◆ Input records:
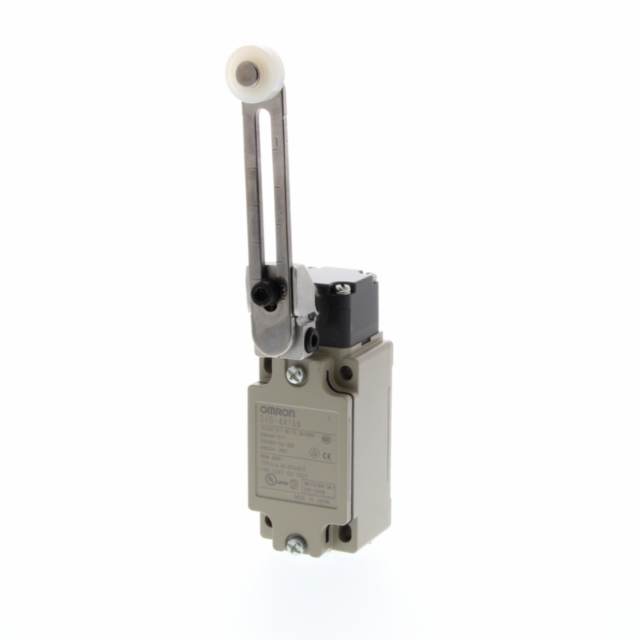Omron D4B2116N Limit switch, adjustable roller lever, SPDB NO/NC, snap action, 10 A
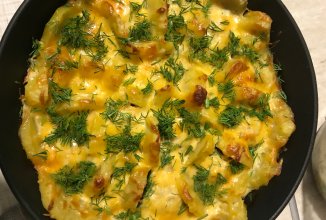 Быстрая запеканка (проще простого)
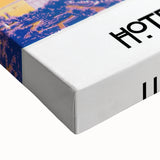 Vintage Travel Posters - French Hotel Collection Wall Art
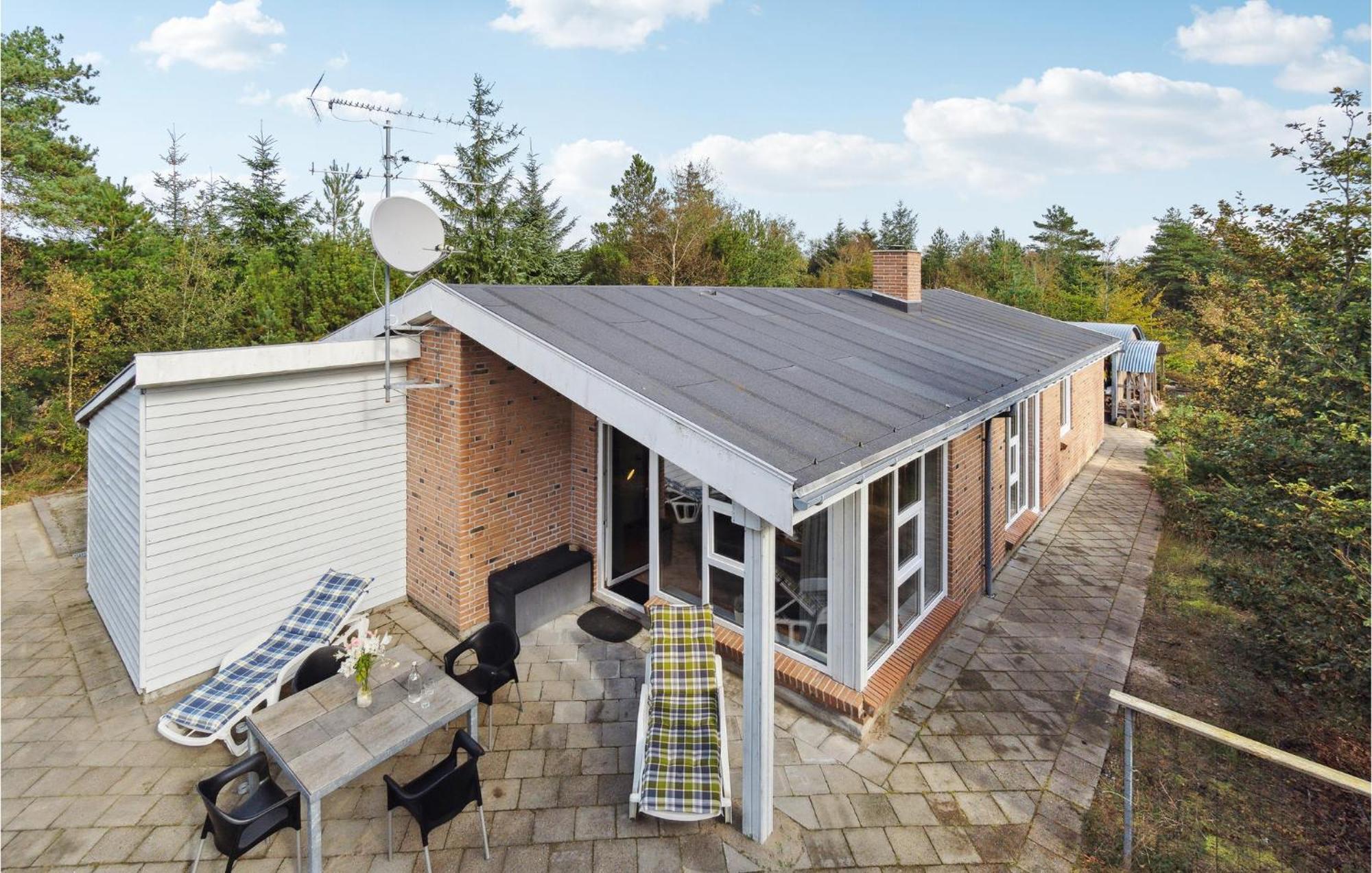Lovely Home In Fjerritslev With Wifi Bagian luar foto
==
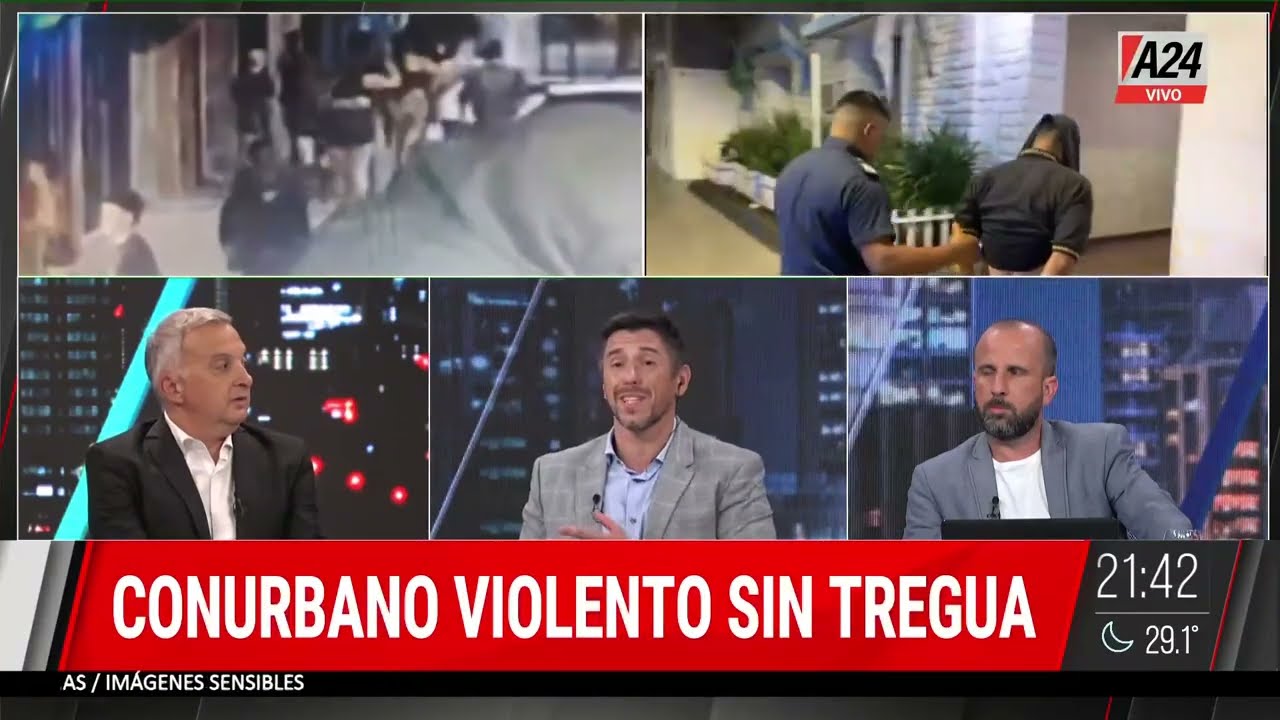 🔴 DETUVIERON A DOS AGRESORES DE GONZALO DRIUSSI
==
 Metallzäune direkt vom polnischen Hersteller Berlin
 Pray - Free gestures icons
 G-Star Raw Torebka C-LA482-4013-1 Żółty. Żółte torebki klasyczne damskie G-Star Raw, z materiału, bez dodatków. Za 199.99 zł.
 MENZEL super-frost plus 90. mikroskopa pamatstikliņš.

◆ Work to complete: Could you write out exactly the lines of the data above that run from the one holding "Omron D4B2116N Limit" to the one holding "Lovely Home In", with both ends in and all pictures out?

◆ Answer space:
Omron D4B2116N Limit switch, adjustable roller lever, SPDB NO/NC, snap action, 10 A
 Быстрая запеканка (проще простого)
 Vintage Travel Posters - French Hotel Collection Wall Art
Lovely Home In Fjerritslev With Wifi Bagian luar foto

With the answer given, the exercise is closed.